Con el pasar de las horas me hablan los entendidos en fantasmas de un pueblo abandonado en el interior de Huaura, donde todo aquel que se atreve a entrar no termina con una sensación de miedo, sino de curiosidad por seguir investigando y responder la interrogante de qué alejo a sus dueños y trabajadores de lo que en su momento llegó a ser una prospera hacienda azucarera, el nombre del lugar es Rontoy.
Me armo de varios paquetes de galletas y una buena botella de agua para coger un taxi y me lleve hasta Rontoy, donde el acceso no es fácil, pero tampoco imposible. Según me adentro en la zona puedo ver como varios jóvenes me detienen no para impedirme la entrada, sino para contarme las historias de espectros que según dicen habitan este sitio que atrae a los “caza fantasmas” locales e infaltables chamanes.
El lugar es una hacienda, cuyas ruinas me dan a entender su otrora esplendor, derruidos salones y cuartos donde aún se puede observar vestigios de mármol, me hablan de una familia adinerada que debió (imagino yo) ser la dueña y ama de todos los trabajadores y súbditos que dependían de ellos para comer y vestirse.
 En la zona de los almacenes, como en el lugar donde en algún momento hubo una fabrica de jabón, se puede sentir una presencia extraña en el ambiente, como si nos invitará a descubrir el secreto por el cual los habitantes de este lugar lo abandonaron por completo y hasta hoy sus descendientes no lo reclaman.

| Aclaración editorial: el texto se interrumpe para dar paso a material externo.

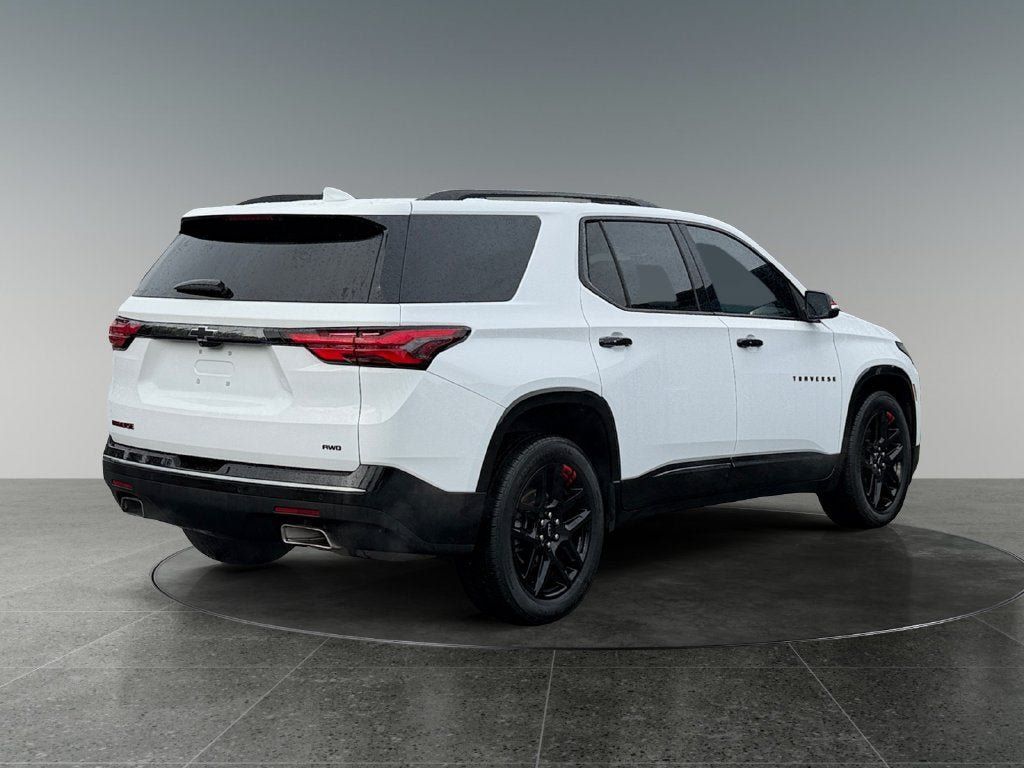 Certified 2023 Chevrolet Traverse Premier w/ Redline Edition AWD/4WD image 10
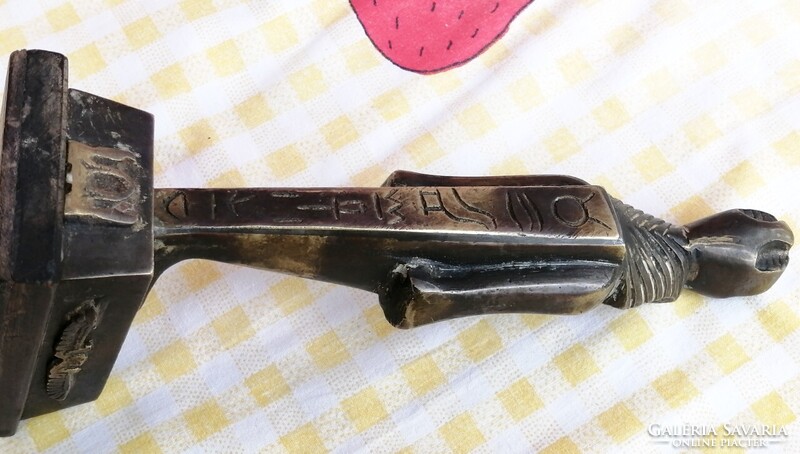 Ramszesz. Egyiptomi fáraó bronz szobra hieroglifákkal díszítve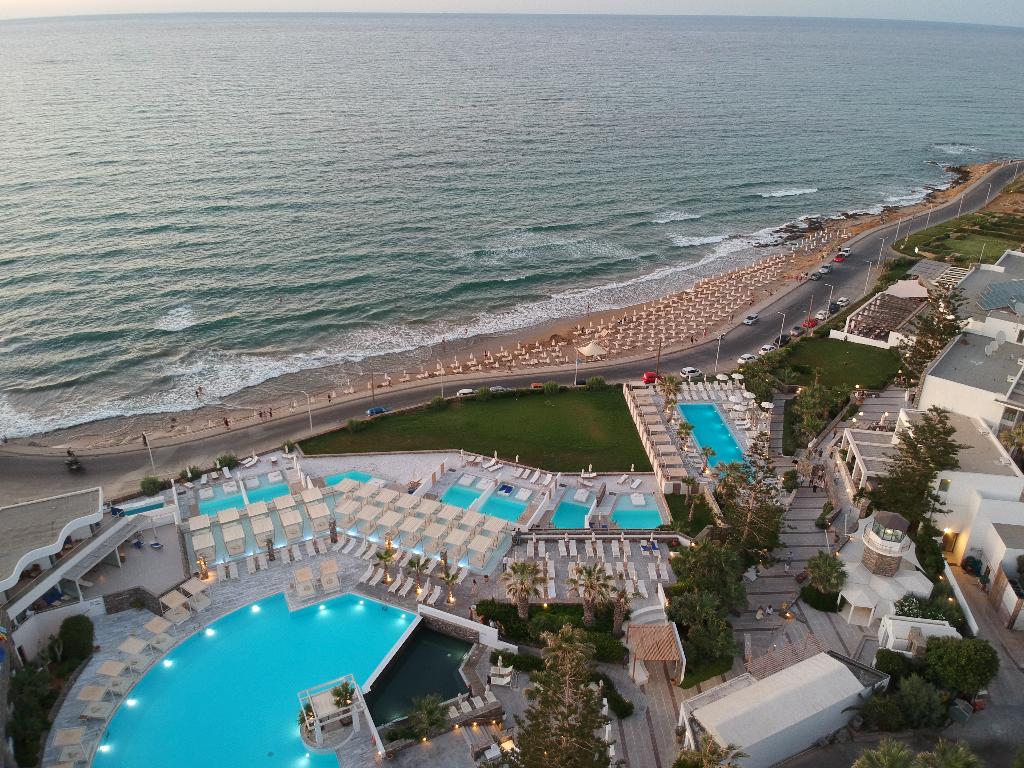 The Island Hotel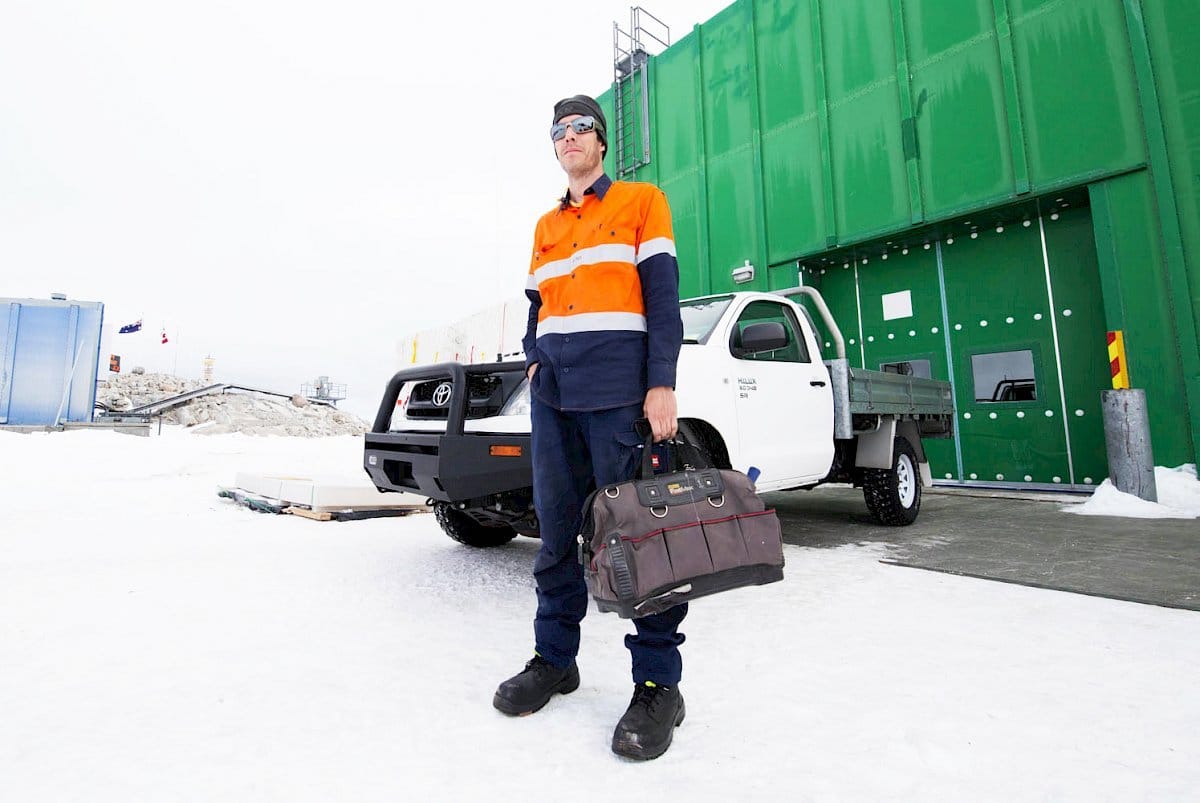 Smoko On Ice: Aussie Antarctic Program Now Hiring Chippies, Sparkies, Plumbers, & More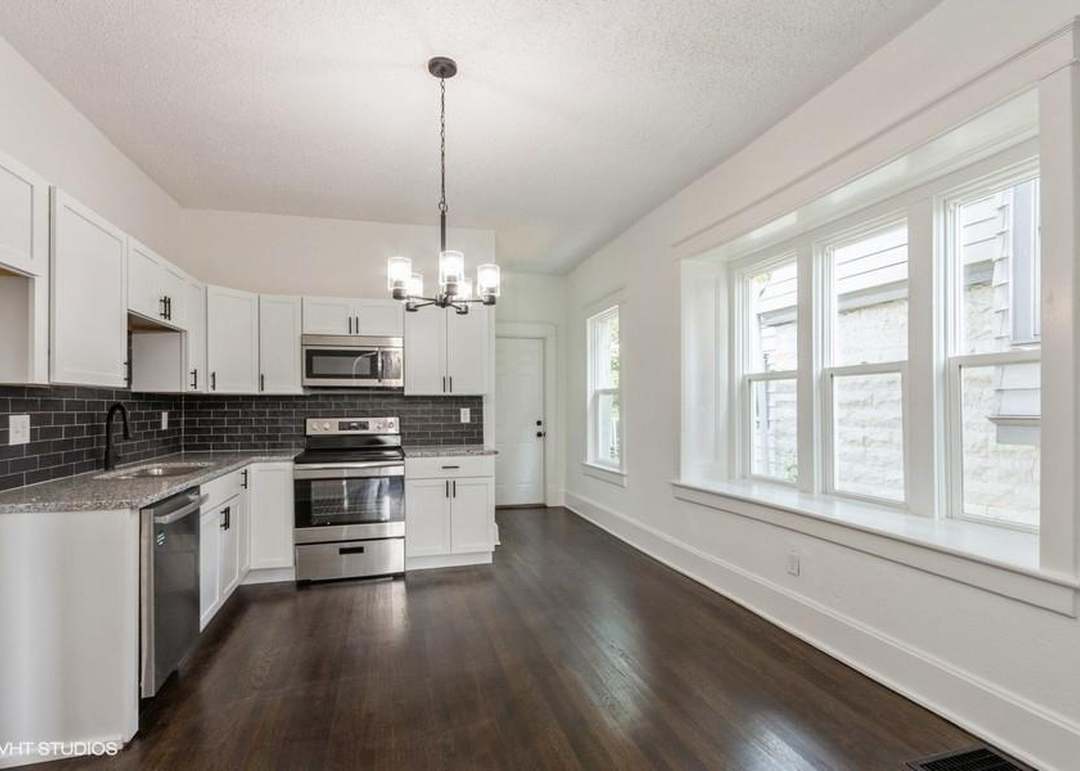 2425 Brooklyn Avenue — photo 2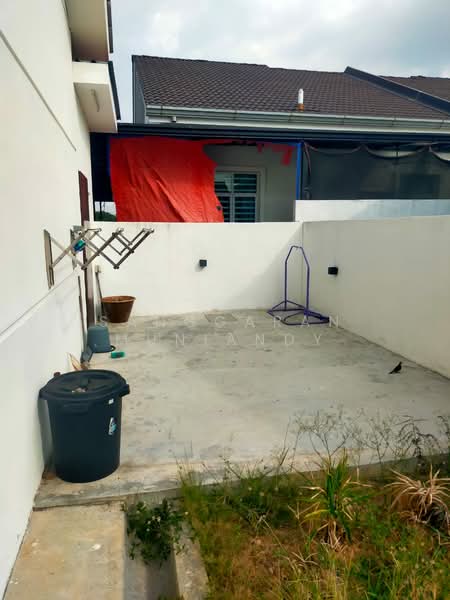 Rumah Berkembar Setingkat untuk Disewa di Lunas untuk Untuk Disewa - RM 2,000 /bulan, Mac 2026 - Exterior - PropertyGuru.com.my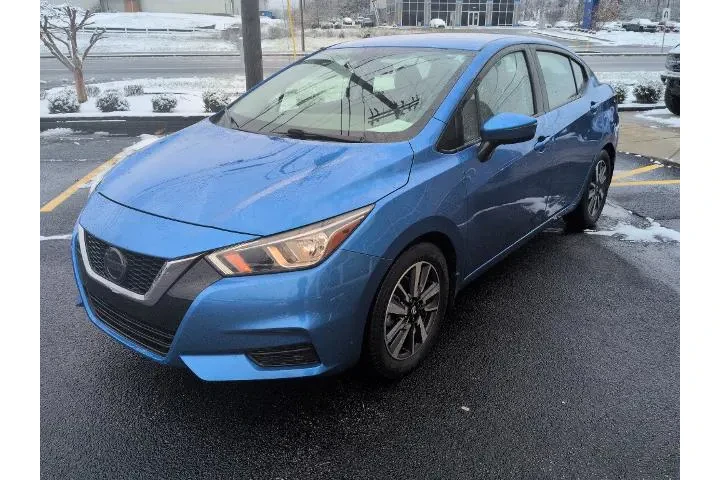 $13050 : Nissan Versa 2021 SV 4dr Sed image 1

Deseo acampar, pero un sexto sentido en mi interior me llama a dar media vuelta y salir, puesto que tal vez no este preparado para descubrir el secreto espectral de Rontoy.
Al llegar de vuelta a Huaura y dar la medianoche sigo mi recorrido para Barranca. Es domingo o “dormingo” para los que deseen descansar más de la cuenta, yo elijó probar un tamal de pollo traído desde Supe en una paradisíaca playa (aún virgen para el turismo) llamada la Isla, donde no puede faltar el buen ceviche, con un chicha, en medio de un tibio sol de invierno.
Para cerrar la jornada me doy una  vuelta por la hacienda azucarera de Paramonga, en los extremos del camino puedo ver como varios carteles me invitan a visitar Caral, una ciudadela tan esplendida como ancestral y de la cual se dice fue una de las cunas de la civilización sudamericana, aquí el sentirse peruano se hace más fuerte debido a la gran historia que nos antecede como cultura y da paso a nuestra identidad.
La hora de volver va llegando y aunque haya pasado un fin de semana completo de ir de pueblo en pueblo, este recorrido valió menos de lo mucho que gané en experiencia y relatos para contar.
Una vez más me di cuenta que el hacer turismo del grande no es materia de dinero, sino de habilidad para encontrar le gusto de viajar por un Perú tan profundo como cercano a nuestro querido Callao y la Lima capitalina. Solo lamento no haber encontrado a Pedrito Ruiz y llevarme su foto autografiada.